Captured childhood

States should develop alternatives to immigration detention to ensure that children are free to live in a community-based setting throughout the resolution of their immigration status.

Children should not be detained for migration/immigration purposes. There are alternatives, and the International Development Coalition[1] has developed a model for preventing the immigration detention of children, based on three fundamental principles: children who are refugees, asylum seekers or irregular migrants are, first and foremost, children; the best interests of the child must be the primary consideration in any action taken in relation to the child; and the liberty of the child is a fundamental human right. These principles shift the focus from the state’s right to detain children to the right of refugee, asylum-seeker and irregular migrant children to be free from the risk of being incarcerated as a consequence of states’ desires to control migration.

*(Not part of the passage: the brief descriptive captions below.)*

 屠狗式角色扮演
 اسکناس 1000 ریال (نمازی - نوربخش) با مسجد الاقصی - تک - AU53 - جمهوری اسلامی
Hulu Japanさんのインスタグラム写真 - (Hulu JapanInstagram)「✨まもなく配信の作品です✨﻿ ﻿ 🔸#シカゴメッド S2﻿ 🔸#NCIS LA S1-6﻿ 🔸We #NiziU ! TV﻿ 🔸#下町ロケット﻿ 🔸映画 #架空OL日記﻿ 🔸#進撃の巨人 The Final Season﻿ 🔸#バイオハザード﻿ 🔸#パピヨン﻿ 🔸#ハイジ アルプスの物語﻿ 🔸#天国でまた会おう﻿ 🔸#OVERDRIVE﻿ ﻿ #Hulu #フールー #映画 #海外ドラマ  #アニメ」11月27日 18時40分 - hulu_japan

The IDC has developed a five-step Child-sensitive Community Assessment and Placement (CCAP) model, which provides a decision-making model for governments, NGOs and other stakeholders to prevent detention:

Step 1: Prevention

Step 1 is a presumption against the detention of children. It applies prior to the arrival at a state’s territory of any children who are refugees, asylum seekers or irregular migrants.

Step 2: Assessment and Referral

Step 2 takes place within hours of a child being discovered at the border of, or within, a state’s territory. It includes screening the individual to determine age, the assignment of a guardian to unaccompanied or separated children, the allocation of a caseworker to children who are travelling with their families, an initial assessment of the child or family’s circumstances, strengths and needs, and the placement of the child or family into a community setting.

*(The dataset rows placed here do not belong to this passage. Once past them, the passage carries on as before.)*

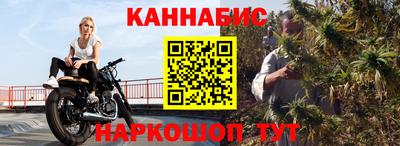 ECSTASY Рузаевка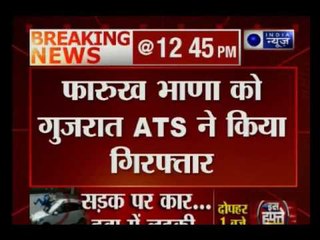 Kiran rijiju had taken a ride in fighter plane.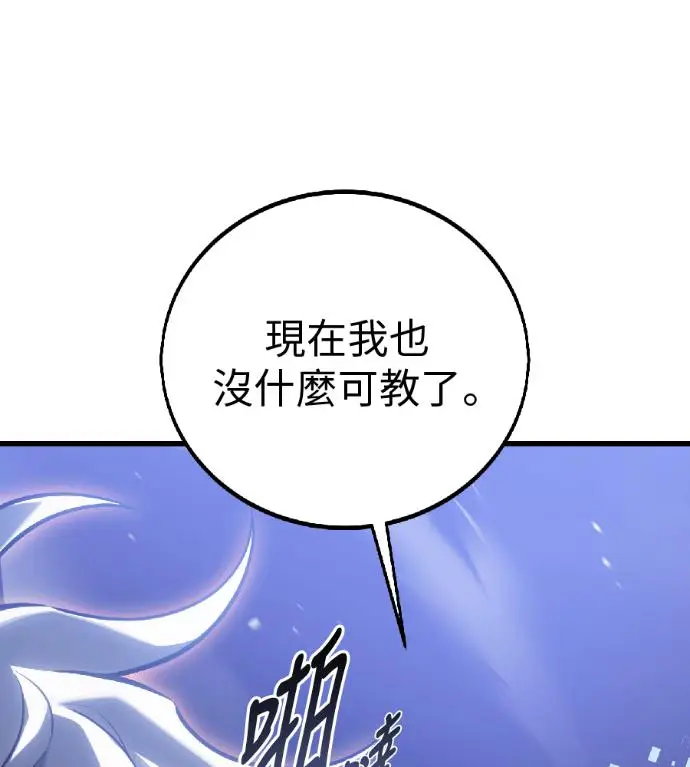 漫画《我杀了学院玩家》第119话 剑帝加岚德(1)第87张图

Step 3: Management and Processing

Step 3 is the substantive component of the child-sensitive assessment and placement model. It involves ‘case management’, including an exploration of the migration options available to children and families, a ‘best interests’ determination, and an assessment of the protection needs of children and/or their families.

Step 4: Reviewing and Safeguarding

Step 4 involves ensuring that the rights of children and their best interests are safeguarded. It includes legal review of decisions already taken regarding children and their families – including decisions about where they are accommodated and about their legal status. It also includes an opportunity for states to review the conditions tied to the child or family’s placement in the community following a final immigration status decision.

Step 5: Case Resolution

Step 5 is the implementation of sustainable migration solutions.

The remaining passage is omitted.